Exercise requirements.
Drop the images; return everything else in the listing below exactly.

= Beginning of Section =

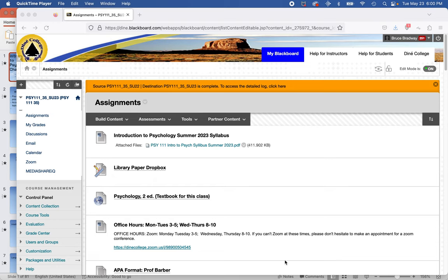Welcome to the summer session of Introduction to Psychology — that's what we call it at Diné College. I've been teaching this class for over 30 years and everybody changes the name. Not important.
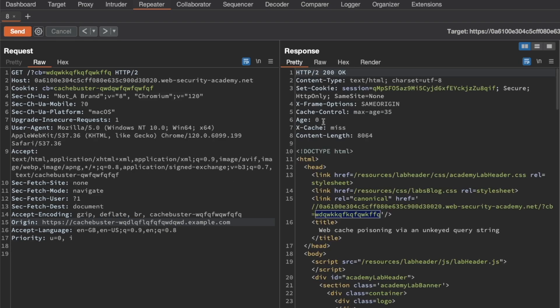We get a cache miss again with an age of zero. That confirms that the Origin header is a keyed input and we can keep using that as a potential cache buster to avoid impacting live end users.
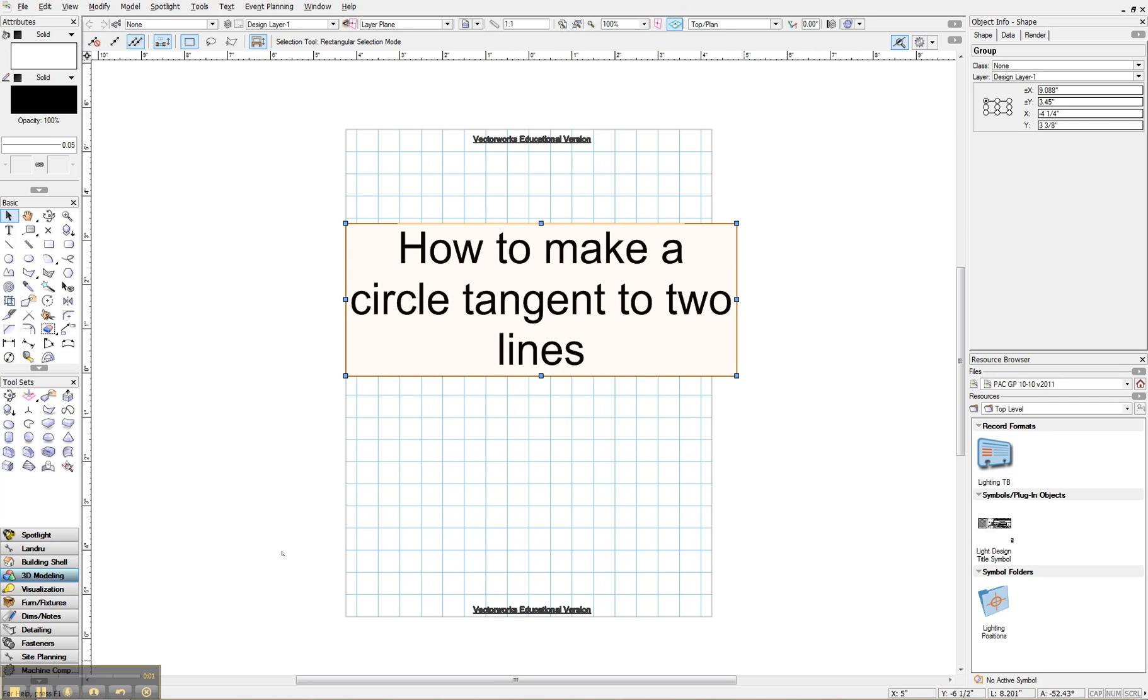Hey guys, I'm going to show you how to make a circle tangent to two lines using Vectorworks 2011.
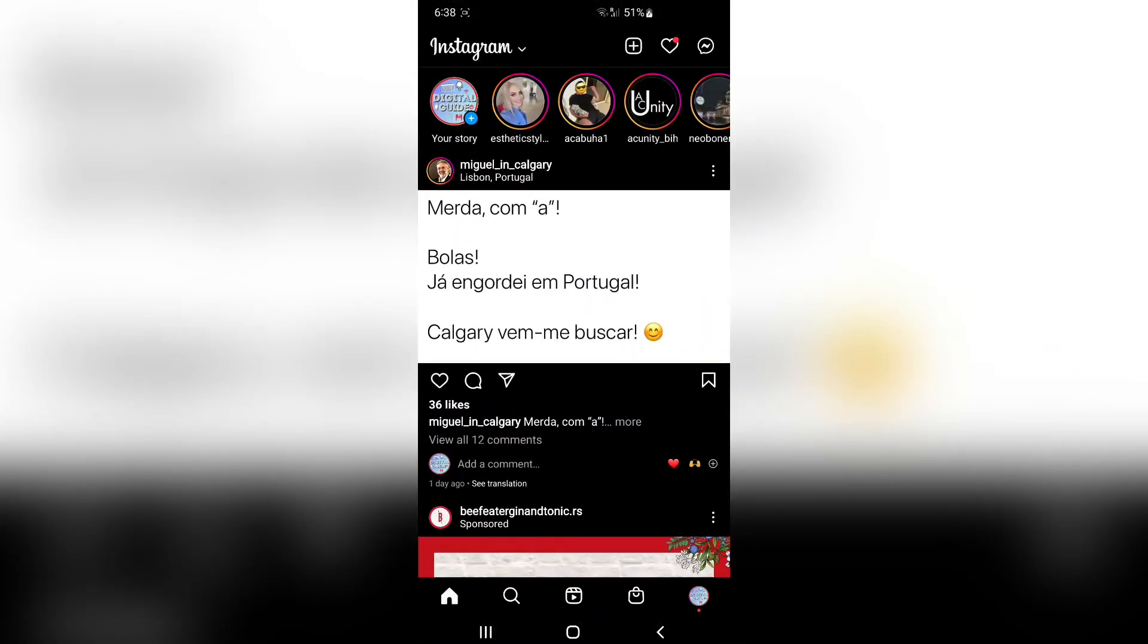You don't need to download any third-party apps or anything like that. Instagram has added a feature to its latest update where it allows you to upload stories that are up to 60 seconds in length without splitting them.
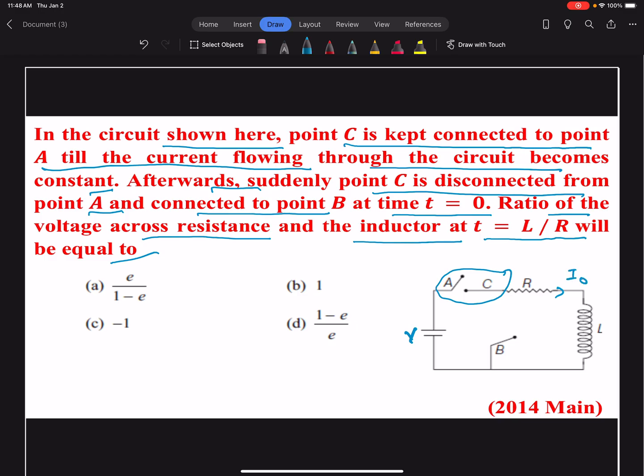In the question it is given that the current becomes constant, so it means the value of the current will be only dependent upon the value of the resistance. So i naught will be equal to V upon R.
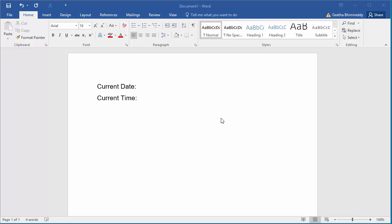If you want to add current date and time to a document, here is how you can do it.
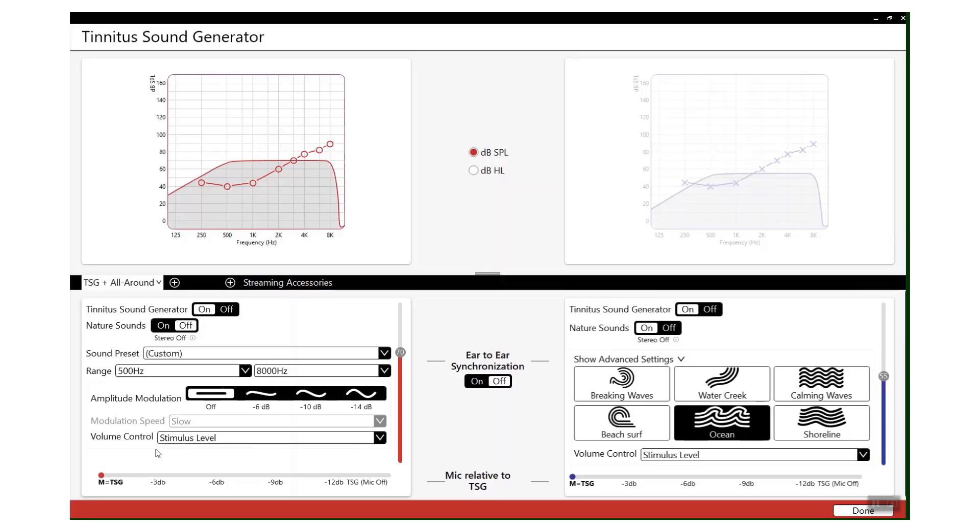As the environment becomes more quiet and their tinnitus is likely to become a little bit more prevalent, it will then increase the tinnitus sound masker and therefore keep it at a nice and comfortable level.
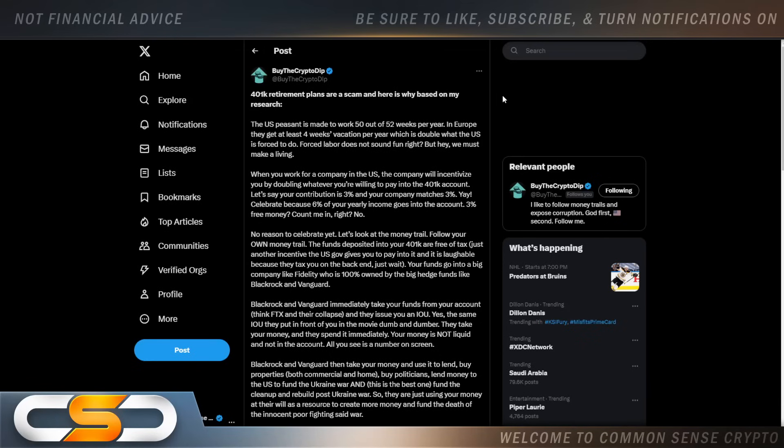Hello everyone and welcome back to the Common Sense Crypto Channel. As with you always, this is Rich doing another video today. So I hope you're all having a wonderful Sunday.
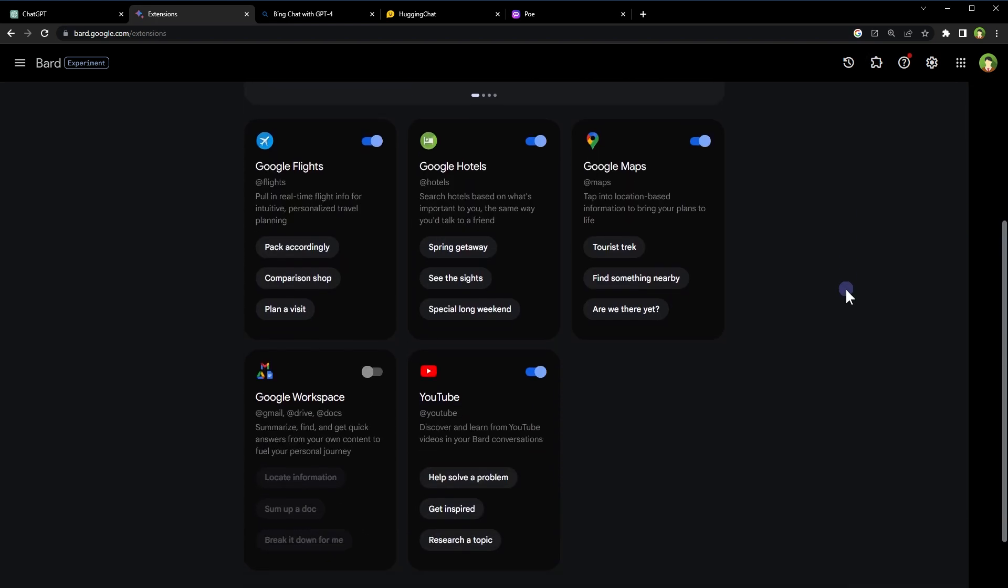Now we have got Bard AI extensions as well, such as Google Flights Extension, Google Hotels Extension, Google Maps, Google Workspace, and for YouTube as well.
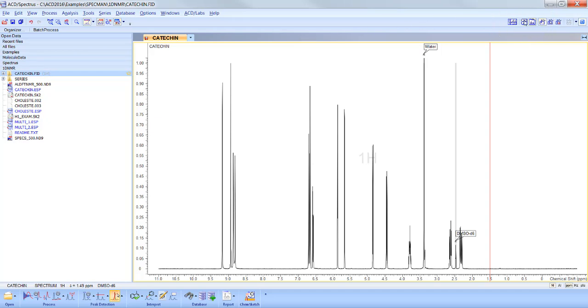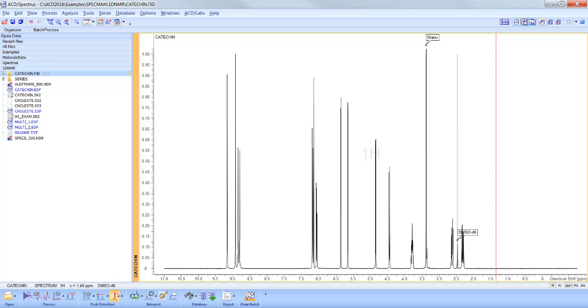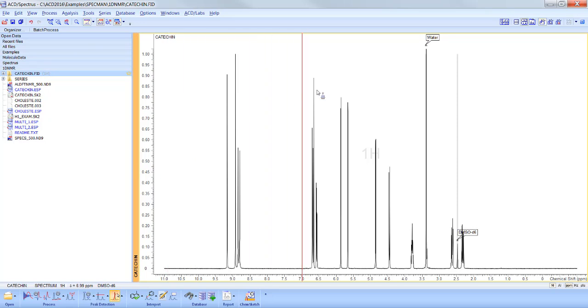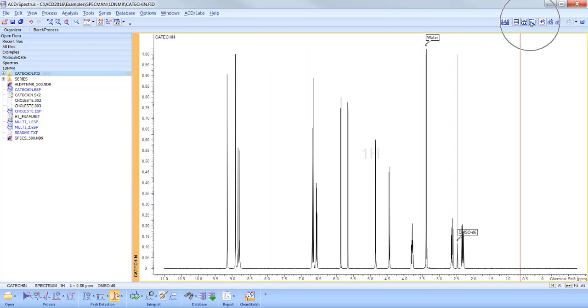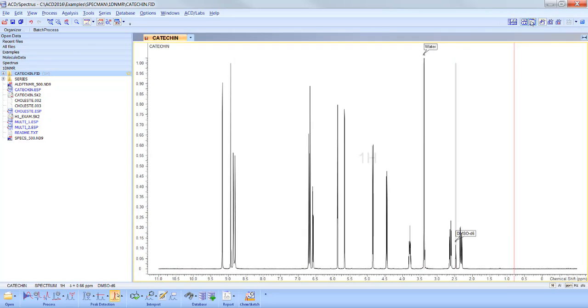Multiple spectra can be displayed in either tab or tile mode. The current layout can be saved and managed accordingly.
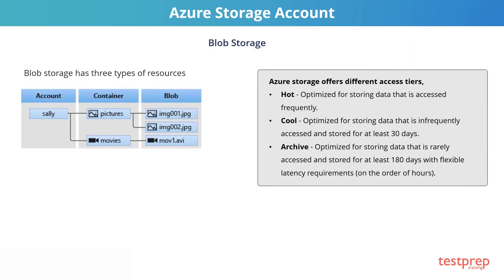Blob Storage offers three types of resources: first, the storage account itself, then a container in the storage account, and then a blob in a container, which contains your files.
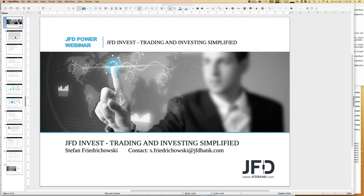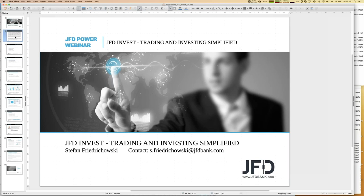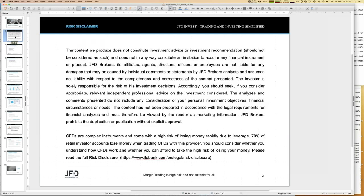Before we proceed, I always have to show the disclaimer because we talk about trading and financial instruments. Whatever you do, whatever you decide, you do it on your own and on your own responsibility. I think you can understand that I have to mention it.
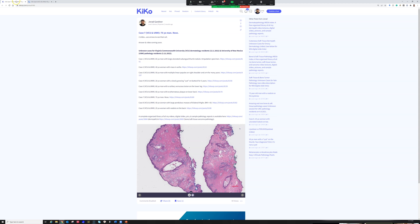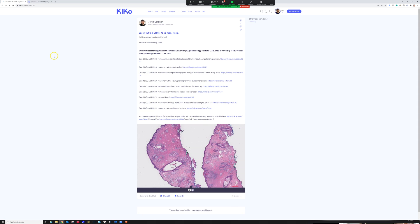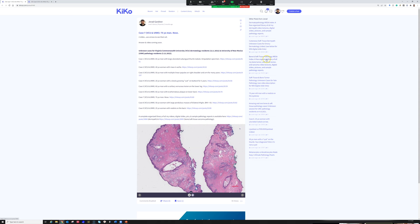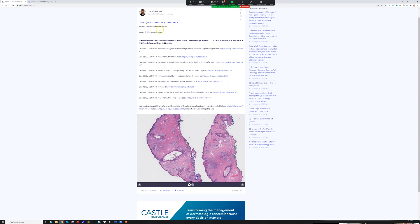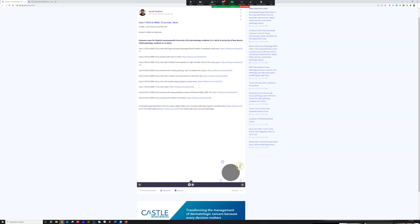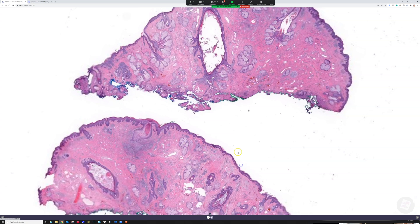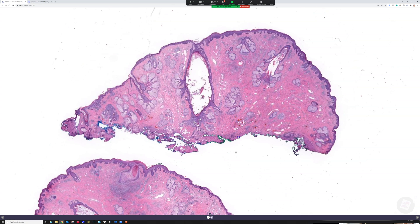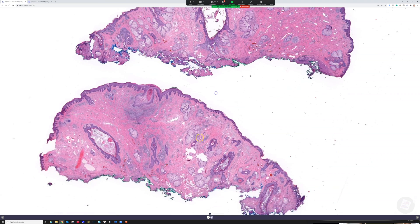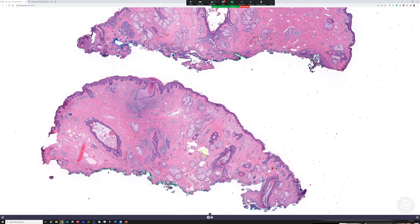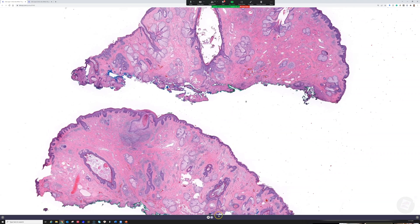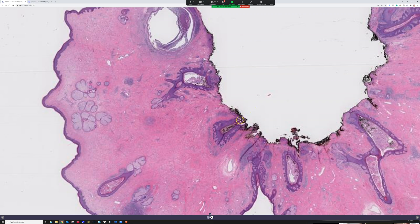Case 7 is a 75-year-old man. This is from the nose and there are two slides. I'll show you both from low power and then someone can tell me about him.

= End of Section =

Response below.
Welcome to the summer session of Introduction to Psychology — that's what we call it at Diné College. I've been teaching this class for over 30 years and everybody changes the name. Not important.
We get a cache miss again with an age of zero. That confirms that the Origin header is a keyed input and we can keep using that as a potential cache buster to avoid impacting live end users.
Hey guys, I'm going to show you how to make a circle tangent to two lines using Vectorworks 2011.
You don't need to download any third-party apps or anything like that. Instagram has added a feature to its latest update where it allows you to upload stories that are up to 60 seconds in length without splitting them.
In the question it is given that the current becomes constant, so it means the value of the current will be only dependent upon the value of the resistance. So i naught will be equal to V upon R.
If you want to add current date and time to a document, here is how you can do it.
As the environment becomes more quiet and their tinnitus is likely to become a little bit more prevalent, it will then increase the tinnitus sound masker and therefore keep it at a nice and comfortable level.
Hello everyone and welcome back to the Common Sense Crypto Channel. As with you always, this is Rich doing another video today. So I hope you're all having a wonderful Sunday.
Now we have got Bard AI extensions as well, such as Google Flights Extension, Google Hotels Extension, Google Maps, Google Workspace, and for YouTube as well.
Multiple spectra can be displayed in either tab or tile mode. The current layout can be saved and managed accordingly.
Blob Storage offers three types of resources: first, the storage account itself, then a container in the storage account, and then a blob in a container, which contains your files.
Before we proceed, I always have to show the disclaimer because we talk about trading and financial instruments. Whatever you do, whatever you decide, you do it on your own and on your own responsibility. I think you can understand that I have to mention it.
Case 7 is a 75-year-old man. This is from the nose and there are two slides. I'll show you both from low power and then someone can tell me about him.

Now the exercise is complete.